§ **LISTED RECORDS**:
◆ ◆ ◆ ◆ ◆ ◆ ◆
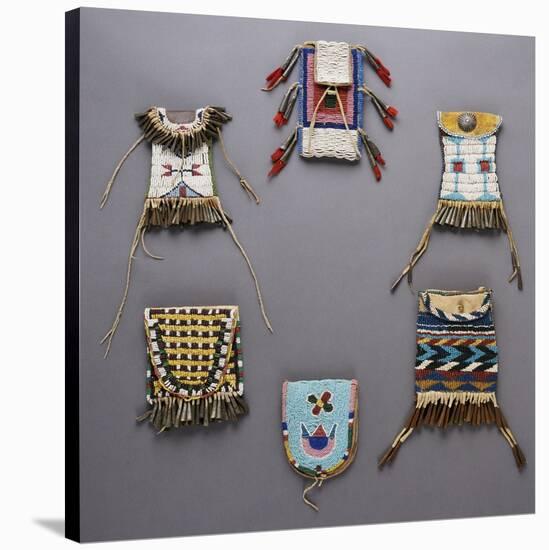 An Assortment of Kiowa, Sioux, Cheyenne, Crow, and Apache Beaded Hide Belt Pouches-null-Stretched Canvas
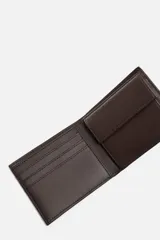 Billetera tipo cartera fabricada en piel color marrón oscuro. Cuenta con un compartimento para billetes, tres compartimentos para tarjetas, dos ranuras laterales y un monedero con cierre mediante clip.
◆ ◆ ◆ ◆ ◆ ◆ ◆
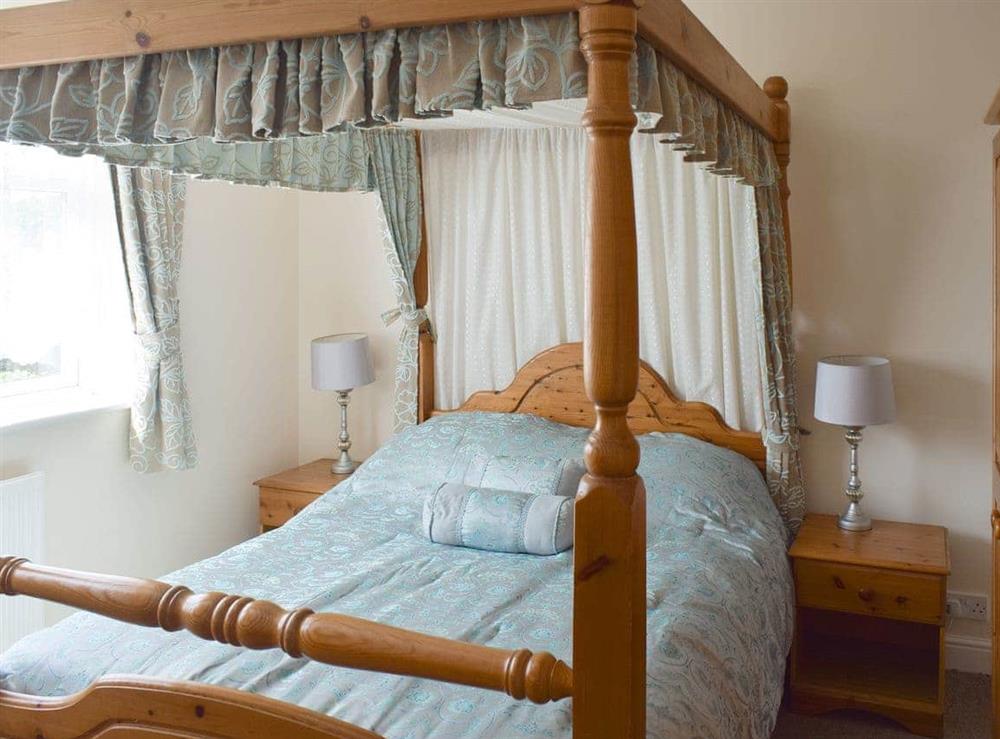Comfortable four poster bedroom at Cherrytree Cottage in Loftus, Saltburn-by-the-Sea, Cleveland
◆ ◆ ◆ ◆ ◆ ◆ ◆
§ **TASK GOAL**: Although the records above contain pictures, the copy should not; retype exactly the lines from the one containing "An Assortment of" through the one containing "Billetera tipo cartera".

§ **EXPECTED ANSWER**:
 An Assortment of Kiowa, Sioux, Cheyenne, Crow, and Apache Beaded Hide Belt Pouches-null-Stretched Canvas
 Billetera tipo cartera fabricada en piel color marrón oscuro. Cuenta con un compartimento para billetes, tres compartimentos para tarjetas, dos ranuras laterales y un monedero con cierre mediante clip.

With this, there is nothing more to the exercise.